Classification of infrastructure networks by neighborhood degree distribution

TL;DR

This paper introduces the neighborhood degree concept to better classify infrastructure networks, demonstrating that it provides a more reliable probabilistic model fit, especially with water distribution networks, compared to traditional nodal degree analysis.

Contribution

The paper proposes using neighborhood degree instead of nodal degree for classifying infrastructure networks, enabling more reliable probabilistic modeling.

Findings

Neighborhood degree spans a wider range than nodal degree.

Poisson distribution fits well for neighborhood degree in water networks.

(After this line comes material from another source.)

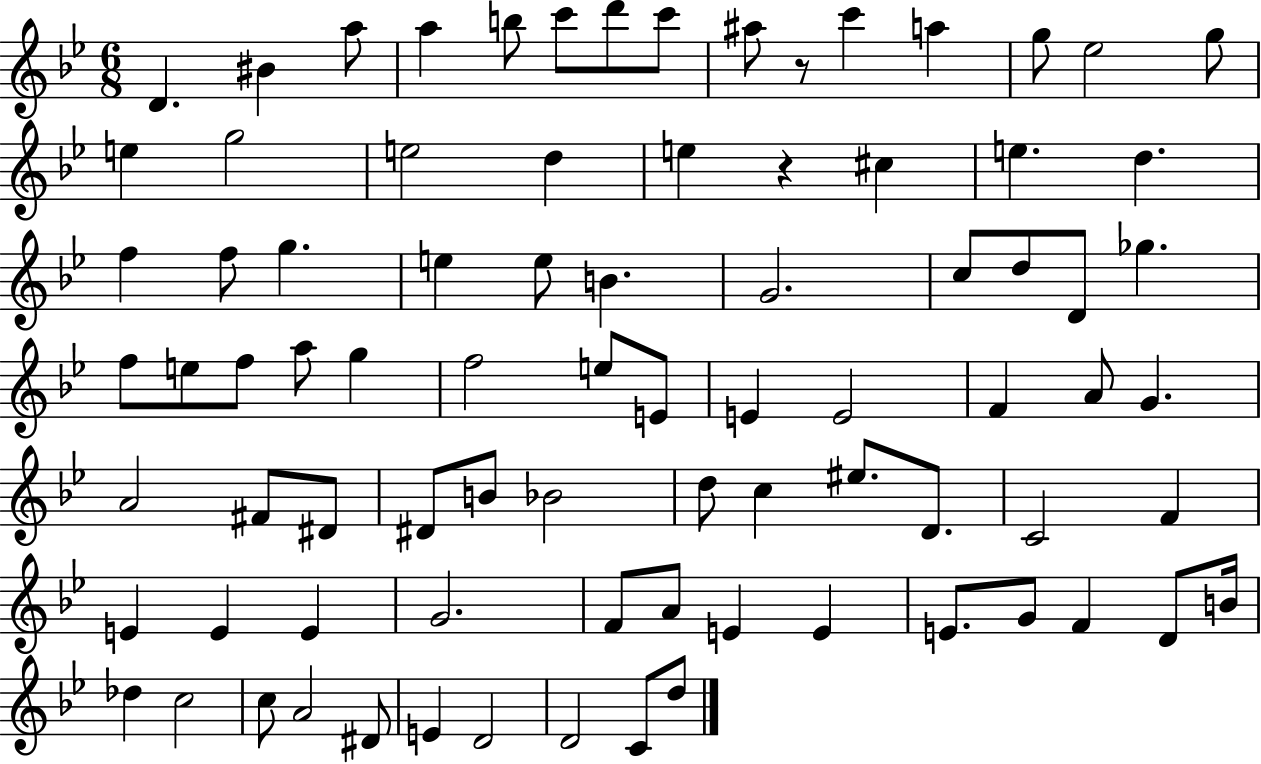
D4/q. BIS4/q A5/e A5/q B5/e C6/e D6/e C6/e A#5/e R/e C6/q A5/q G5/e Eb5/h G5/e E5/q G5/h E5/h D5/q E5/q R/q C#5/q E5/q. D5/q. F5/q F5/e G5/q. E5/q E5/e B4/q. G4/h. C5/e D5/e D4/e Gb5/q. F5/e E5/e F5/e A5/e G5/q F5/h E5/e E4/e E4/q E4/h F4/q A4/e G4/q. A4/h F#4/e D#4/e D#4/e B4/e Bb4/h D5/e C5/q EIS5/e. D4/e. C4/h F4/q E4/q E4/q E4/q G4/h. F4/e A4/e E4/q E4/q E4/e. G4/e F4/q D4/e B4/s Db5/q C5/h C5/e A4/h D#4/e E4/q D4/h D4/h C4/e D5/e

Standard nodal degree classification is less reliable for spatially constrained networks.

Abstract

A common way of classifying network connectivity is the association of the nodal degree distribution to specific probability distribution models. During the last decades, researchers classified many networks using the Poisson or Pareto distributions. Urban infrastructures, like transportation (railways, roads, etc.) and distribution (gas, water, energy, etc.) systems, are peculiar networks strongly constrained by spatial characteristics of the environment where they are constructed. Consequently, the nodal degree of such networks spans very small ranges not allowing a reliable classification using the nodal degree distribution. In order to overcome this problem, we here (i) define the neighborhood degree, equal to the sum of the nodal degrees of the nearest topological neighbors, the adjacent nodes and (ii) propose to use neighborhood degree to classify infrastructure networks. Such neighborhood degree spans a wider range of degrees than the standard one allowing inferring the probabilistic model in a more reliable way, from a statistical standpoint. In order to test our proposal, we here analyze twenty-two real water distribution networks, built in different environments, demonstrating that the Poisson distribution generally models very well their neighborhood degree distributions. This result seems consistent with the less reliable classification achievable with the scarce information using the standard nodal degree distribution.